講義と演習と評価

 講義をしていると、「問題演習がない」という意見を受けました。ふむむ、そういう見方もあったかと。意見はWelcomeです。ちょっと考えてみたいと思います。

 確かに小学校から、(説明)講義と(問題)演習は不可分なものでした。「さあ、それでは問題を解いてみましょう」と。

 学齢が上がるにつれて、両者は次第に分離していきます。大学になると完全に分離します。普通高校から大学へは、大学受験という明確な分け目があります。他方、中学校卒業から5年間シームレスに繋がっていく高専では、同等の教育課程ながら、その明確な分け目がありません。

 では、なぜ分離していくのか? 理由の一つとしては、「時間が足りない」ということがあります。「え゛、これ以上どうするの?」って。わかります。高専生の皆さんは大変ですよね。ハードなカリキュラムをこなしていることに日々感心してます。

 学習内容が高度になるにつれて、講義説明だけで時間を要し、また問題を解くにも時間を要します。とても時間が足りません。それに、問題を解かせている間って、退屈なんですよね・・・すいません。眉間に冴える三日月形!!

 もう少し深く考えてみましょう。世の中では、有形無形の課題を解決していくことで社会が成立し、個々人がそれから評価報酬を得て生活でき、そして社会は回っていきます。模範解答なんてありませんから、「基礎学力」がものを言います。そこに点数評価はなく、絶対的な価値観もありません。価値は押し並べて相対的なものです。

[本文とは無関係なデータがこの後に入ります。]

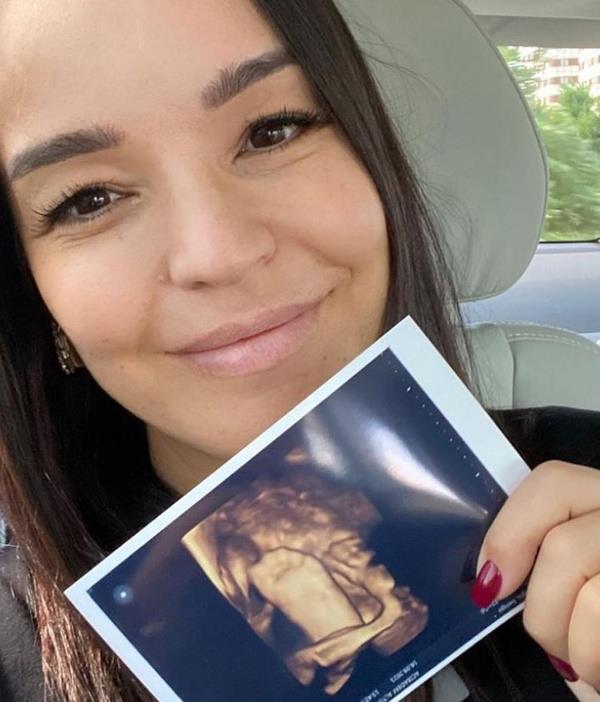 Beng'nn fotoraf karelerine aralarnda Gkhan Tepe, Sinan Akl, Asuman Dabak, Berfu Yenenler, Burcu Kara, Asl en, Yonca Evcimik, Rait Bazbal gibi nl isimlerin de olduu takipilerinden ksa srede binlerce beeni ve tebrik mesaj yad. Serdar Orta'n eski ei Chloe Loughnan da Beng ve bebeinin fotorafna 'Tebrikler, maallah' yorumunda bulundu.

 そのため授業では、基礎説明を徹底するようにしています。自ずと問題演習の時間が削られます。ひたすら問題を解きまくったり、模範解答を丸暗記するのは、資格試験・入試には有効でしょう。しかし、試験の後はどうします? ま、受かるための勉強がまず要るんですけどね・・・。

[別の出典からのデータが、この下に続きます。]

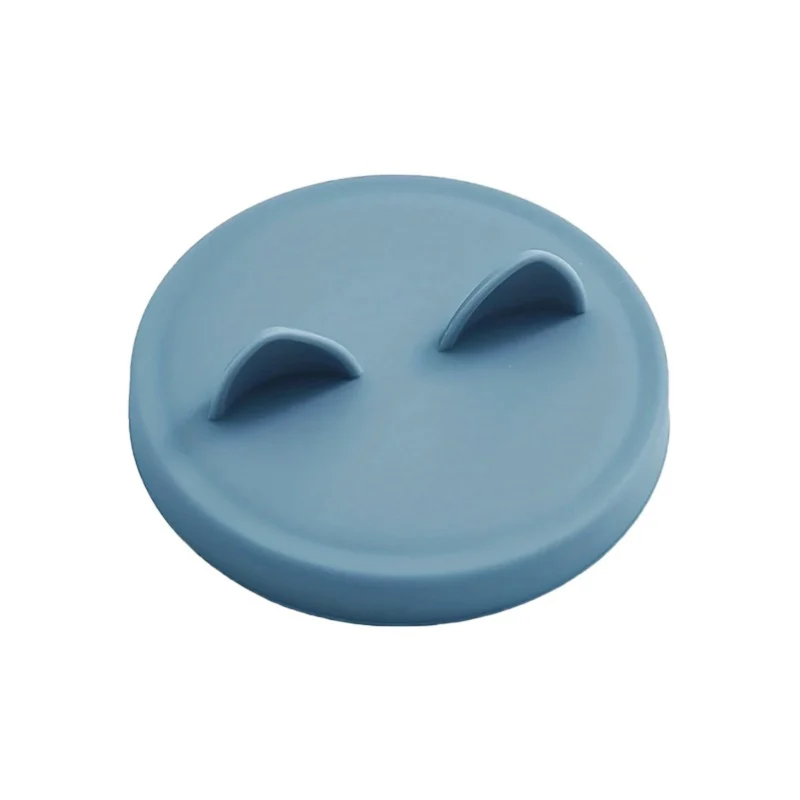 Pink cat-ear silicone pet food can lid on can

 そう結局人間は、相対的価値観には本能的不安を覚えるようです。社会的動物であるためと思います。順位・ランキング・偏差値・得点・ナントカ賞が、主にマスメディアを通して、世間に絶えることはありません。安心な拠り所として。

 特に日本社会においては、古来農耕社会であった故か、狩猟民族性に繋がる学校や資格を通じて何を学び得て成してきたかよりも、どの学校の入学試験に受かり、どの資格試験に受かったかという所属の保証が評価対象とされがちです。

 このような数値による評価は、最も公正と「言い訳できる」制度です。

 学校という組織制度では、運営上、試験評価を導入することは避け難いことです。改善には知恵を絞ってく必要があります。しかし学生の皆さんには、点数に囚われて最も大事なものを忘れないようにして欲しいなぁと思います。都合良い言い方なのですが。

 つまり、「どう学び、それをどう人生に活かすか」を。

 高学年になってくると、自由の幅が効いてきます。卒研しかり、選択科目しかり。次第に絶対的価値観がなくなってきます。ましてや、グローバルな現代社会です。価値観は多様です。

 しかし、世の中で確かなことはあります。「成功するには、如何に自由に耐えられるか」、ということです。